■ EXERCISE GOAL ■
The line with "Audi A3 S3 8V" marks the start; please set it down along with all later lines through the end of the material, exactly, leaving out pictures.
• • •
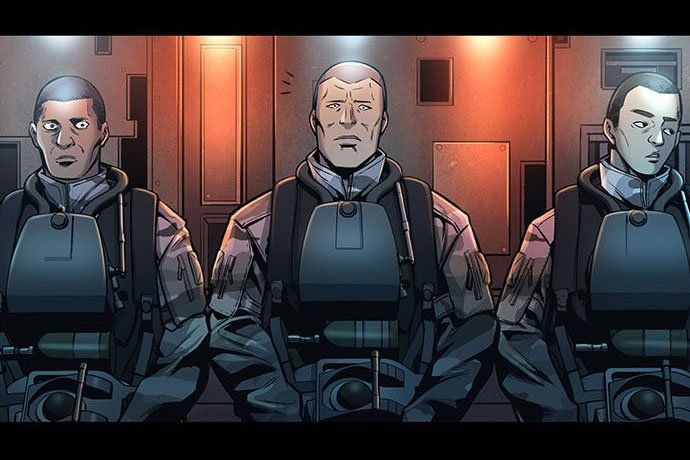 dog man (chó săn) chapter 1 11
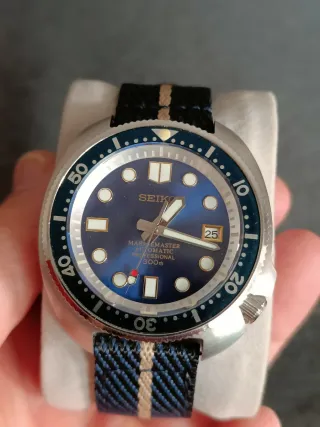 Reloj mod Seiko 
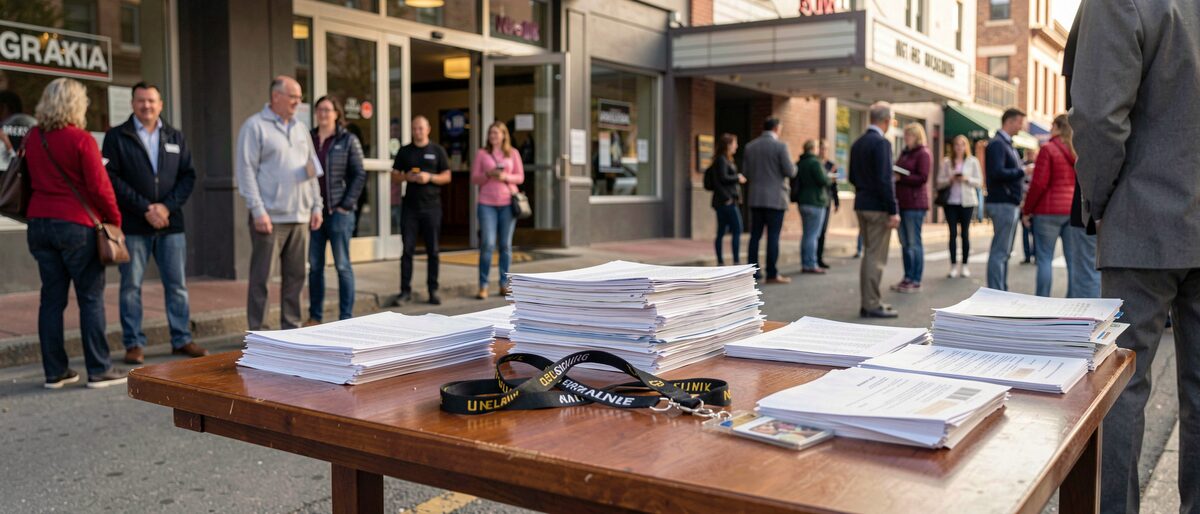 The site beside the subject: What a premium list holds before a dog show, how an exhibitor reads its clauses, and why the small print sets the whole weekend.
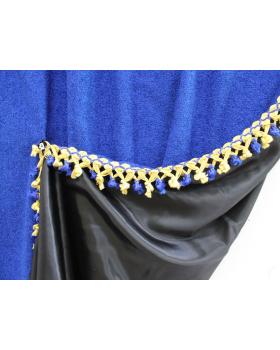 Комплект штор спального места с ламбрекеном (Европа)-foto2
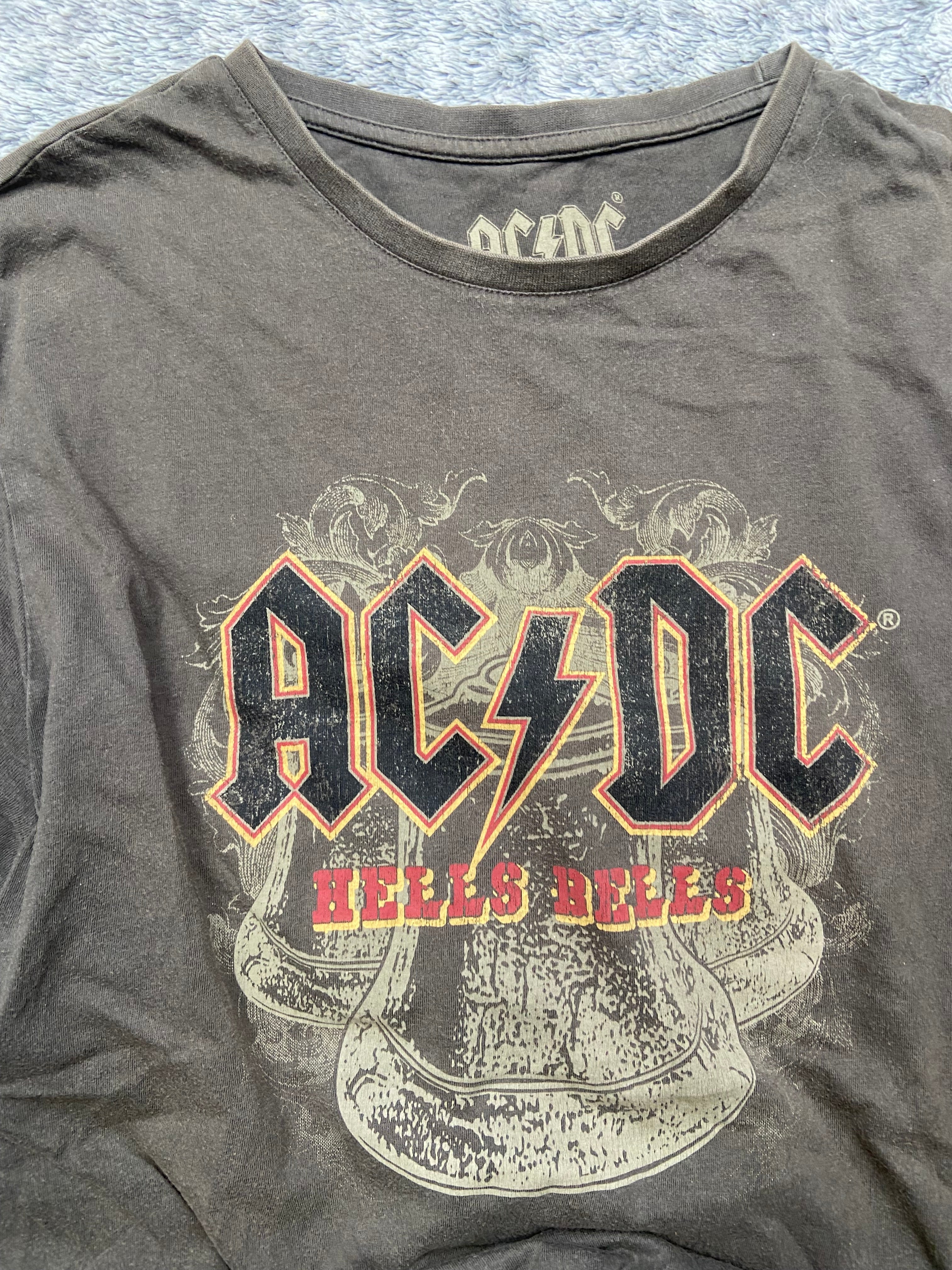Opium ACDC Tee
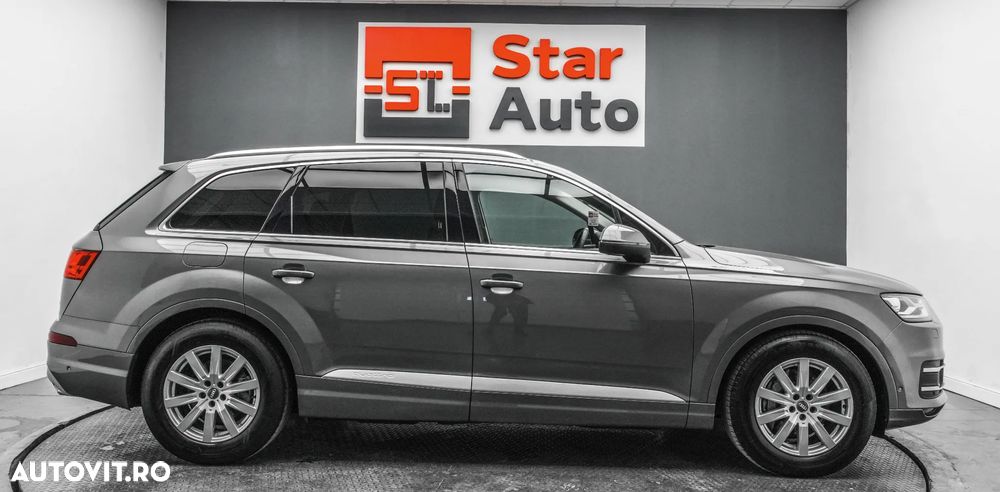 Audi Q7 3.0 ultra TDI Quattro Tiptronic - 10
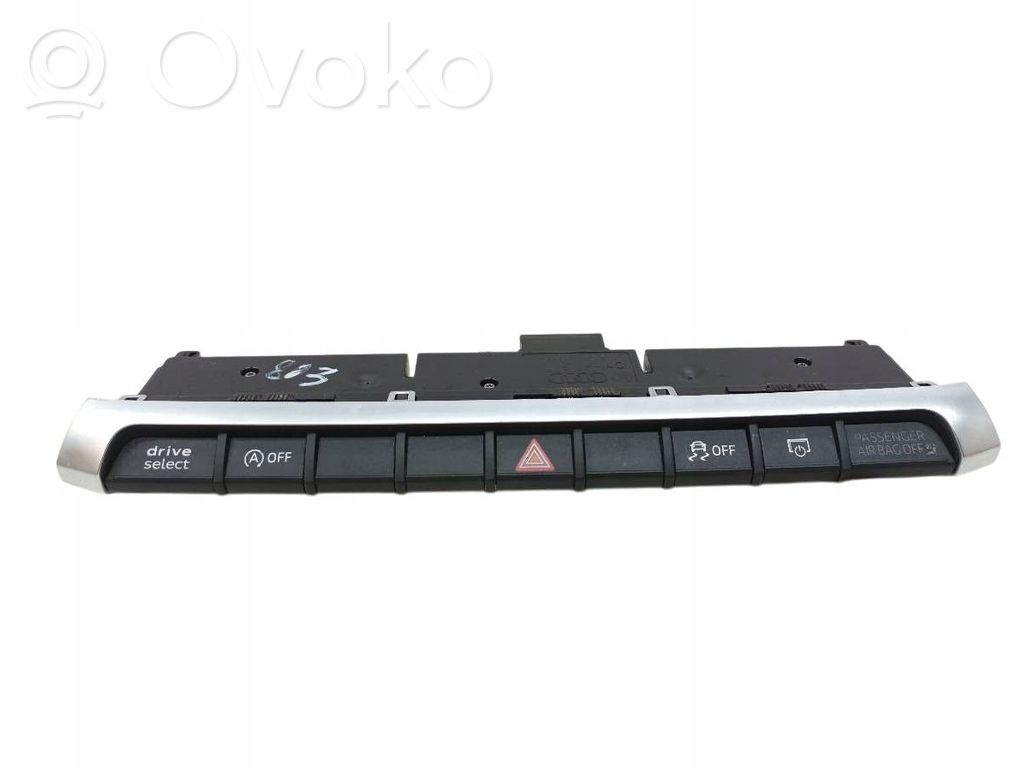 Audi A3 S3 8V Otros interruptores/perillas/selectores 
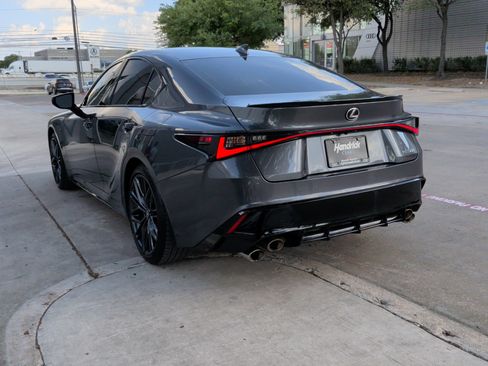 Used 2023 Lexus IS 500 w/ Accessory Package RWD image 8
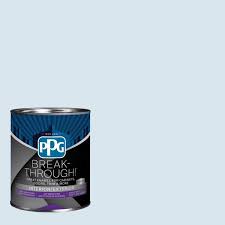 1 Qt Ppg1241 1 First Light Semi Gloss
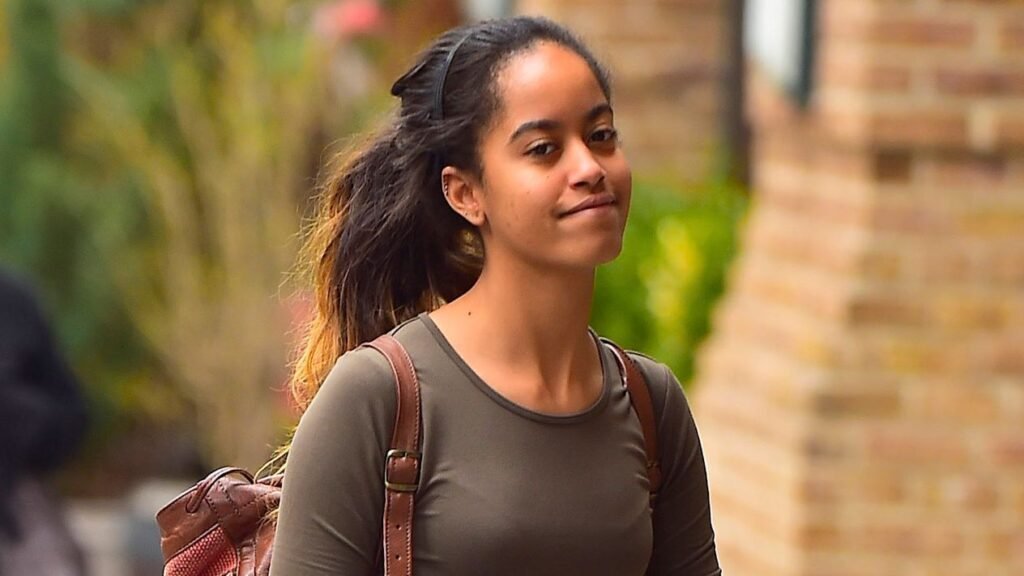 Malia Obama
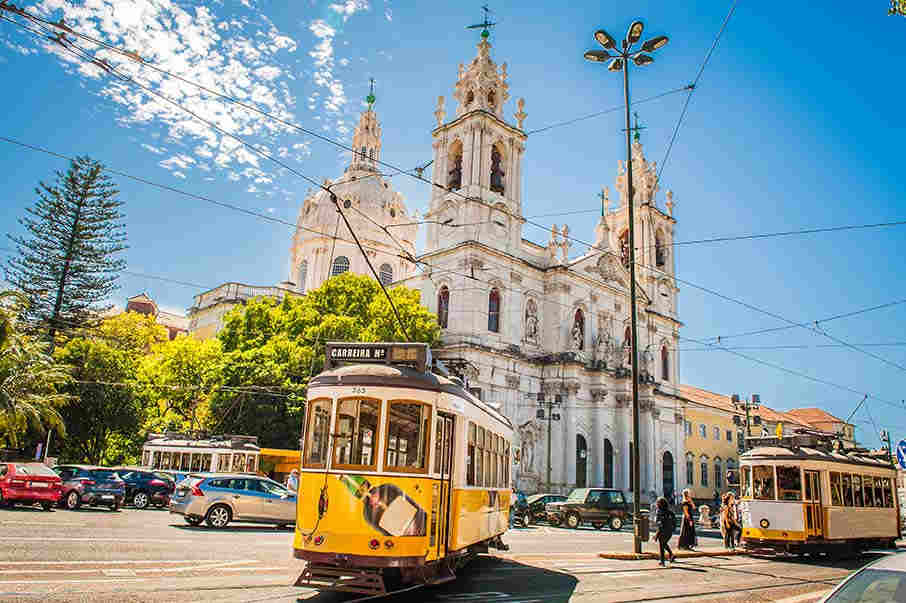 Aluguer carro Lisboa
• • •
■ RESULT FOR THIS EXERCISE ■
 Audi A3 S3 8V Otros interruptores/perillas/selectores 
 Used 2023 Lexus IS 500 w/ Accessory Package RWD image 8
 1 Qt Ppg1241 1 First Light Semi Gloss
 Malia Obama
 Aluguer carro Lisboa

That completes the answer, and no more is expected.